Days away from making his State of Origin debut, Corey Horsburgh has reflected on his journey to the big stage, which includes injuries, Woolworths and a stint with the Brisbane Lions.

While there won't be as many fans tuning in on Wednesday due to Game 3 being a dead-rubber match, the match will fulfil Corey Horsburgh's lifelong dream of representing his state on the State of Origin arena.

Born and raised on the northside of Brisbane in a suburb called Caboolture, Horsburgh played multiple sports growing up, not just rugby league - one being AFL.

“I played cricket as a (fast) bowler but had to give up because of back injuries,” Horsburgh told The Courier Mail.

“I also played AFL and was better at it and was in the Lions Academy when I was 14. I stopped playing AFL when I was 16.

“When I was 16 I was starting to play two games on the one day and knew I had to give one up. One year I had two grand finals – in AFL and league – on the one day.

“I played both – AFL for Caboolture then for Redcliffe in league after that. We won both of them.

“I had to leave at three-quarter time in the AFL grand final to make the league game for Redcliffe.”

While Horsburgh could be playing with the likes of Dayne Zorko, Josh Dunkley and Will Ashcroft if he stayed with the sport, he decided to focus all of his attention on rugby league.
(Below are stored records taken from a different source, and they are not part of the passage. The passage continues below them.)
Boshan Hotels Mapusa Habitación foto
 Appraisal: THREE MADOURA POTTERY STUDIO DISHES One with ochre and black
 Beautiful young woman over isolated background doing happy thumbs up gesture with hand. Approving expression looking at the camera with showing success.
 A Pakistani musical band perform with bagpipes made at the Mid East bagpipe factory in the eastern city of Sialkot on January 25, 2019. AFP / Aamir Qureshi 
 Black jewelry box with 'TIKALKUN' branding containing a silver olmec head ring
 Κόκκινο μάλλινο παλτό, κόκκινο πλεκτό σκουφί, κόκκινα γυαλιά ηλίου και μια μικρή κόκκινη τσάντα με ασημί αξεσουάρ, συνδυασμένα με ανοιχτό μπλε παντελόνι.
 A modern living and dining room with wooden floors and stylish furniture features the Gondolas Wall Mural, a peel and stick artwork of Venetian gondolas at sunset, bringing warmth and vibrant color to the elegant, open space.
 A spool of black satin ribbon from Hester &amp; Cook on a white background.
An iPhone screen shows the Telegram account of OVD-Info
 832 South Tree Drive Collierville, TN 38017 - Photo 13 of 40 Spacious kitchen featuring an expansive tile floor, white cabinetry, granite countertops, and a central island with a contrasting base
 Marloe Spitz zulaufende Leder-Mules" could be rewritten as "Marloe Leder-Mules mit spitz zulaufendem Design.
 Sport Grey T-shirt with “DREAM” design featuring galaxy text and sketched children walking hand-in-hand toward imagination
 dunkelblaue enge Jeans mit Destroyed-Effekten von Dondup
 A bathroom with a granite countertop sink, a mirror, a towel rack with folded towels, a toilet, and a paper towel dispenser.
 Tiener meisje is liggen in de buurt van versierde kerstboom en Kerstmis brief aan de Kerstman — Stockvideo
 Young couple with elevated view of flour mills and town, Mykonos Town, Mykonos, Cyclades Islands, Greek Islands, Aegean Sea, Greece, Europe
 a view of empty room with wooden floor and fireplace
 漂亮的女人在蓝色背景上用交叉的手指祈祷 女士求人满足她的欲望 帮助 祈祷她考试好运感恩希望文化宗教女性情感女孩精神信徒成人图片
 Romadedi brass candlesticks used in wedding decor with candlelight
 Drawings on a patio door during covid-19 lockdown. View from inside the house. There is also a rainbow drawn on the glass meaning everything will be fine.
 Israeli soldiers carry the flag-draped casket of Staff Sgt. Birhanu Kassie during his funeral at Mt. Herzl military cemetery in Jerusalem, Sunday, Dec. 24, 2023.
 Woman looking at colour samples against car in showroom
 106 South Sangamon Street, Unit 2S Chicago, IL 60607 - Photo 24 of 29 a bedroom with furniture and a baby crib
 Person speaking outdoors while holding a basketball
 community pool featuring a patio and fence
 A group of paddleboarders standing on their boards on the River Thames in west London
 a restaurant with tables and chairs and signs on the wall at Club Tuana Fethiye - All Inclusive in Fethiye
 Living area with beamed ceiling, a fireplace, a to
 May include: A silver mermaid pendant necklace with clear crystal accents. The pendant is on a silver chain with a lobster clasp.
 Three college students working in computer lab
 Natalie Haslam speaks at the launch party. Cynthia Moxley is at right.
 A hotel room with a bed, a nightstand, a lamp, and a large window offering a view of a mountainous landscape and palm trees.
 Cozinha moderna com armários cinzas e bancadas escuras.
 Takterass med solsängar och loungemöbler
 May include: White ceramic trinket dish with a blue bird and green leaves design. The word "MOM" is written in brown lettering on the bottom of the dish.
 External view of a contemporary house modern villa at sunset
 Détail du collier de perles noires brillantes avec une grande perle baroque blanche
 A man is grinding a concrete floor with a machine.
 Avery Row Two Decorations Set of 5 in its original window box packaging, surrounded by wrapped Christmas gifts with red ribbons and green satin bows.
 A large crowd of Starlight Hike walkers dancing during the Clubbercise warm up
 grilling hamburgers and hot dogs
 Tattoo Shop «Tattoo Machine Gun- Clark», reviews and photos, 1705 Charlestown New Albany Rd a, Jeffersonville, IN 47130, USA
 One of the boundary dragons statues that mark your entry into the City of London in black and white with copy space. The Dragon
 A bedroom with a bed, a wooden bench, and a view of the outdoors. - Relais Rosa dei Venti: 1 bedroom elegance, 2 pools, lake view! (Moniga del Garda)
After being awarded a contract from the North Queensland Cowboys, his decision to stay with rugby league instead of AFL paid off.

AUCKLAND, NEW ZEALAND - OCTOBER 13: Corey Horsburgh of the Australian Juniors passes the ball out during the international Rugby League Test Match between the New Zealand Juniors and the Australia Junior Kiwis at Mt Smart Stadium on October 13, 2018 in Auckland, New Zealand. (Photo by Hannah Peters/Getty Images)

One of the brightest prospects coming through the Cowboys' developmental system, Horsburgh struggled with off-field issues during his time at the club. This included an incident at the club's presentation night.

“He was in the under-20s and the only job he could find away from footy was stacking shelves at Woolies," his manager Jeff Jurotte told The Courier Mail.

“It was hard for Corey to break through at the Cowboys. They had a nucleus of older fellas in the NRL.”

Due to a string of off-field issues and the forward stocks at the Cowboys at the time, Horsburgh was notified that he would play for the Northern Pride in the Queensland Cup instead of first grade.

It was then that the Canberra Raiders reached out to Horsburgh and his management team through Ricky Stuart and late recruitment manager Peter Mulholland.

“Peter asked me what we were doing and I said ‘Corey can‘t see a future at the Cowboys, so he is open to a move'," his manager added.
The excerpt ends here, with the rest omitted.